Image-caption web data:
================

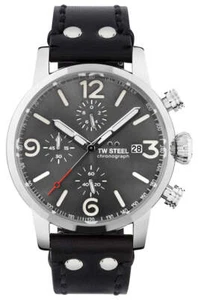 TW Steel Maverick Chrono Steel Gray Dial Leather Date Quartz Mens Watch MS93 - Picture 1 of 5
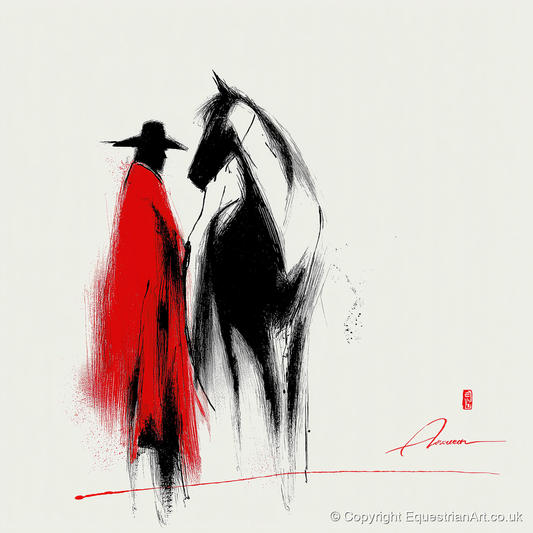 Crimson Western Silhouette - western horse art print and canvas by Sebastian Vale A.I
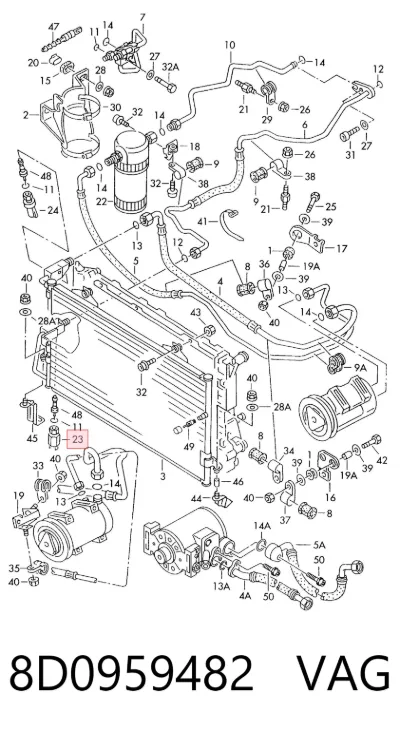 Sensor de presión absoluta del aire acondicionado VAG 8D0959482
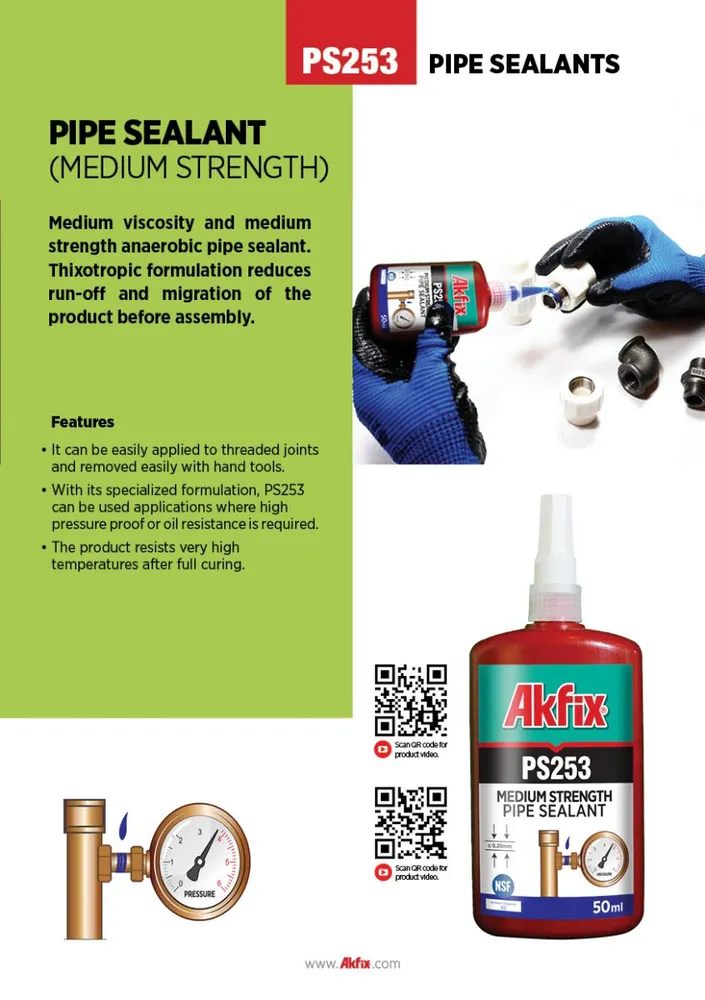 PS253 Boru Diş Sızdırmazlık Yapıştırıcısı (Orta Mukavemet)
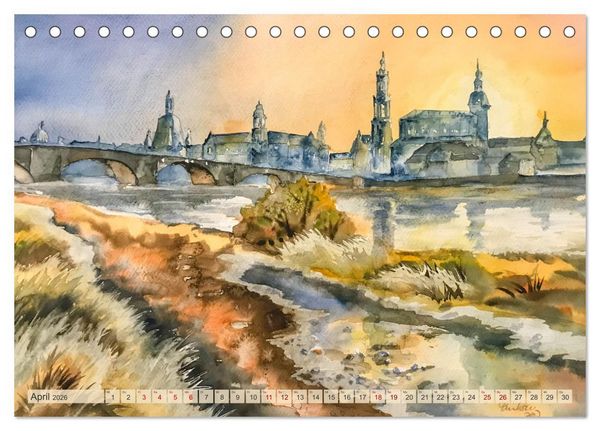 Produktbild: Dresden und das Elbtal - Ein Aquarellkalender von Claudia Pinkau (Tischkalender 2026 DIN A5 quer), CALVENDO Monatskalender
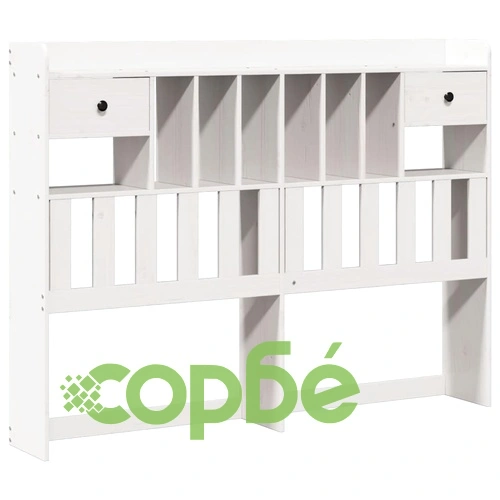 Легло от масивен бор с етажерка за книги, 140x190 см, бяло ➤ топ цена ➤ sorbe.bg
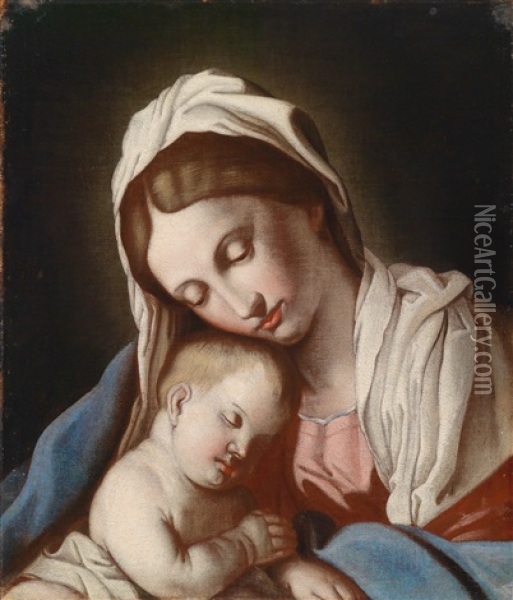 Die Muttergottes Mit Dem Christusknaben Oil Painting - Giovanni Battista Salvi (Il Sassoferrato)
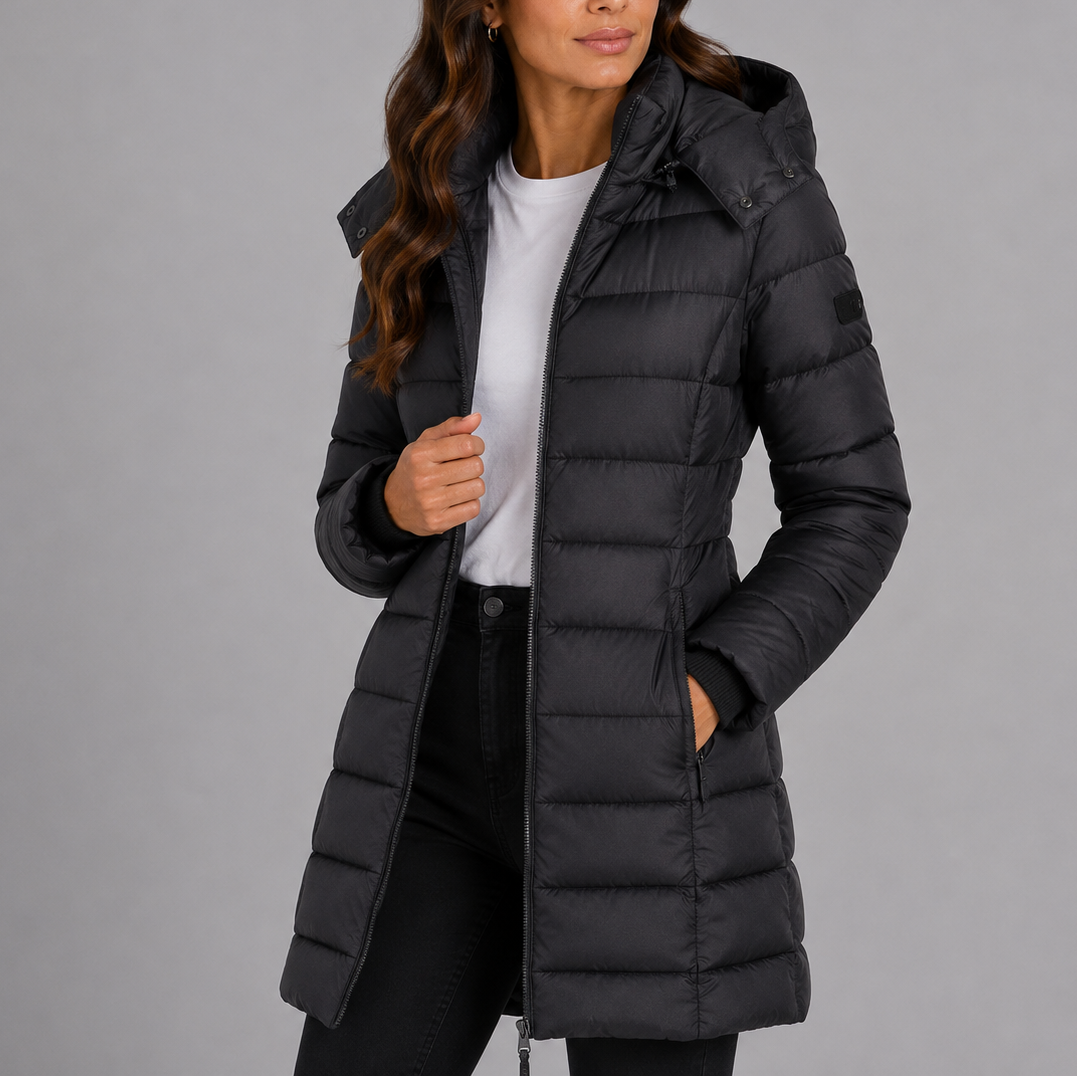 Lange gesteppte Damen-Pufferjacke mit abnehmbarer Kapuze, Taschen und warmem Futter, stilvolle Daunenjacke für den Winter | Sansoti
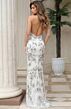 Jovani 49812 Slit Skirt Plunging Halter Neckline Embellished Dress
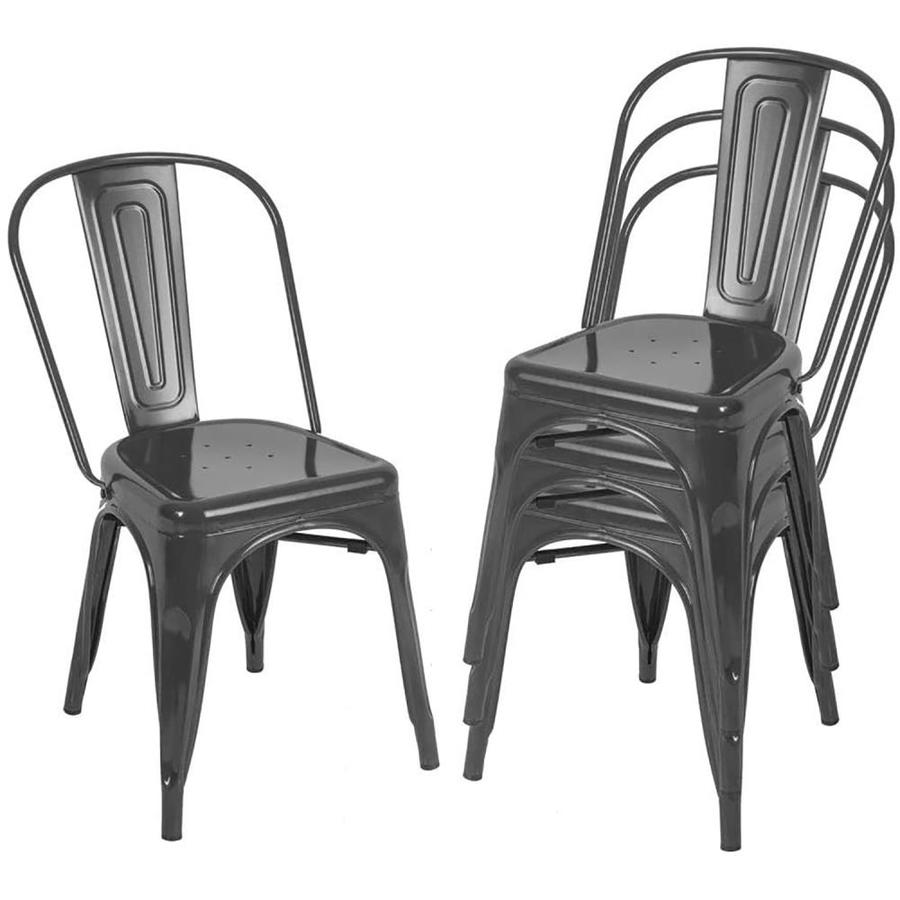 CASAINC Black Metal Kitchen Dining Room Chairs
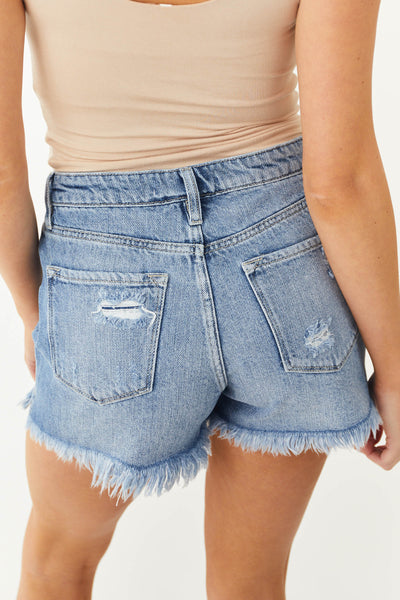 Medium Wash High Rise Destructed Shorts with Frayed Hem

================

--- What is needed ---
Every record above should be written out again exactly; the pictures stay out of the copy.

--- Solution for this problem ---
 TW Steel Maverick Chrono Steel Gray Dial Leather Date Quartz Mens Watch MS93 - Picture 1 of 5
 Crimson Western Silhouette - western horse art print and canvas by Sebastian Vale A.I
 Sensor de presión absoluta del aire acondicionado VAG 8D0959482
 PS253 Boru Diş Sızdırmazlık Yapıştırıcısı (Orta Mukavemet)
 Produktbild: Dresden und das Elbtal - Ein Aquarellkalender von Claudia Pinkau (Tischkalender 2026 DIN A5 quer), CALVENDO Monatskalender
 Легло от масивен бор с етажерка за книги, 140x190 см, бяло ➤ топ цена ➤ sorbe.bg
 Die Muttergottes Mit Dem Christusknaben Oil Painting - Giovanni Battista Salvi (Il Sassoferrato)
 Lange gesteppte Damen-Pufferjacke mit abnehmbarer Kapuze, Taschen und warmem Futter, stilvolle Daunenjacke für den Winter | Sansoti
 Jovani 49812 Slit Skirt Plunging Halter Neckline Embellished Dress
 CASAINC Black Metal Kitchen Dining Room Chairs
 Medium Wash High Rise Destructed Shorts with Frayed Hem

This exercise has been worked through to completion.